92 miles south of Vermillion bay puts it in relatively shallow water so this was a standing platform. Now I want to clarify something that many people use the improper terminology on. This was not a rig, it was a platform, a production platform. A rig is what is used for drilling the well and setting the casings and wellhead. That is the extent of what a rig does in normal shallow water operations. When it is done, the well is still full of drilling mud which keeps the well string balanced so really, the well head is not required. At the end of it all, the BOP gets removed from the wellhead and it gets capped off so there are three to four safeties, there is concrete plugging in the well string, there is a subsea safety valve which gets opened and closed with a tool at the end of a wire line that gets sent down hole, there is the drilling mud, and then there is the well head. The rig then pulls off site. The rigs for shallow water are generally "Jack Up Rigs" which have legs to the bottom which they raise the rig above the surface typically to the planned wellhead height which will be above the storm wave height, so depending on the depth of the water we're talking like 10' on the near shores like the Rabbit field just outside of Fourchon to 40 or 50' when you get out to say East Cameron 254 where the water may be 120' (which is still considered shallow water). From the looks of the picture, they were around the Vermillion Block 30 area in about 15' of water.
This is a typical jackup rig that works shallow water (usually around 200+' is where you start using floating rigs)

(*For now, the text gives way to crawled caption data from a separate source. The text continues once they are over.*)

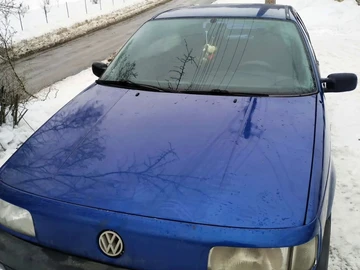 Авто Volkswagen Passat Sedan 1988 № 8776086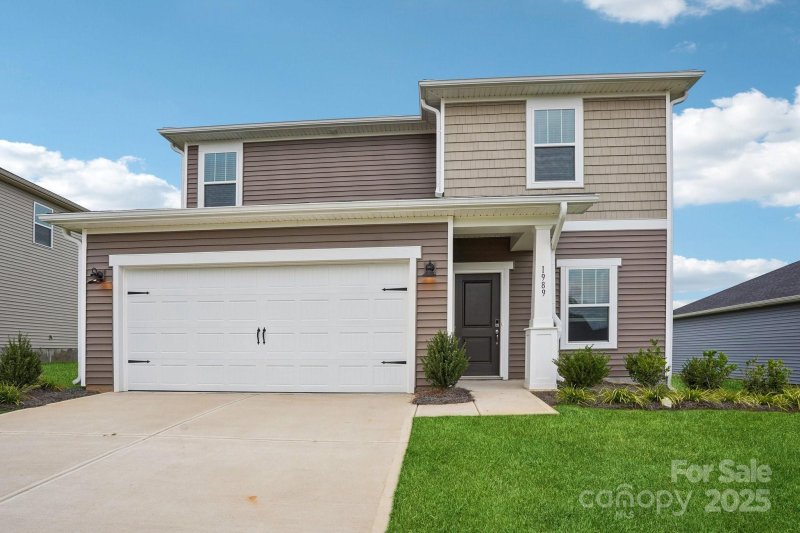 Property image 2 of 1989 Paddlewheel Drive in Harper Landing, Stanley, NC 28164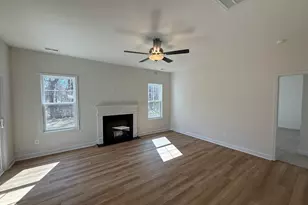 201 Tuskeegee Dr, Smithfield, NC 27577 - Photo 4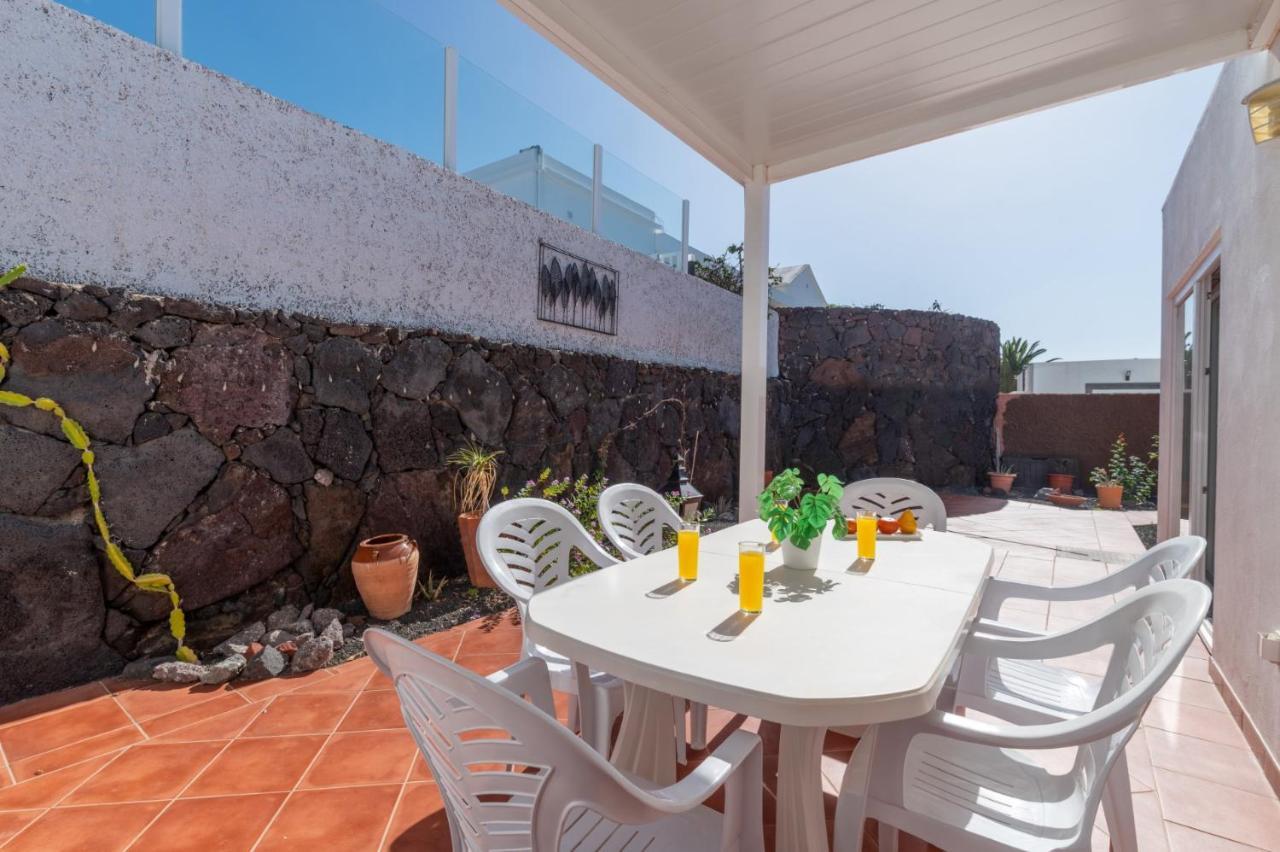 Villa Sarita Sol By Villa Plus Playa Blanca  Extérieur photo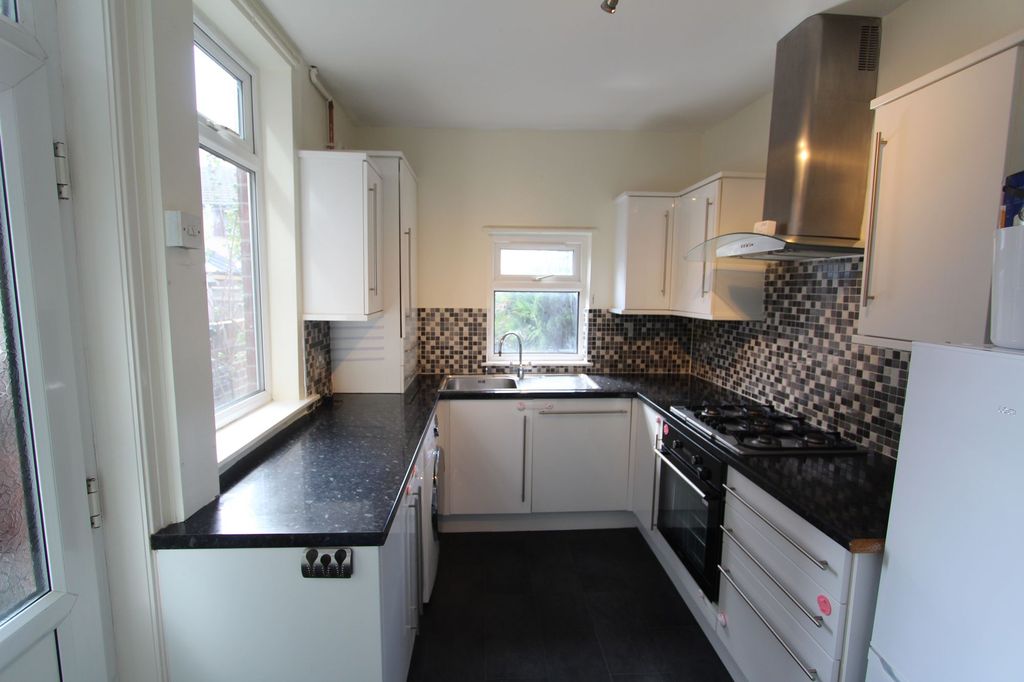 Property photo 2 of 23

After the rig leaves, they put a permanent steel structure in known as a platform. There are two basic types of platforms, you main production platform and satellite platforms. Most lease blocks (oil/gas companies bid on "blocks" charted square segments of offshore areas where they are allowed to exploit the resource) have multiple wells spread out across them, some are very crowded as is the "Rabbit Field" I mentioned earlier. The satellite platforms are small structures that surround the well casing and have a platform on the top which surrounds the wellhead for the workers to be able to go out, inspect and service the wellhead.
They get tied by pipe, Over head if they are very nearby satellites, and subsurface if they are further away (depending on the bock, they can be several miles or more across) to Production Platforms.
The production platforms collect all the product from all the wells in the field and typically will contain several wells themselves. The production platforms house the equipment for whatever initial processing the company wants to do with the product from that field before putting it in the pipeline that takes it into shore. It also contains the living quarters for everybody working in that field. Typical hitches are 28 days on and 14 or 28 days off.
On the deep water projects, thousands of feet of water, it becomes more typical to combine the drilling rig into the production platform.
Just remember, Rigs drill, Platforms produce.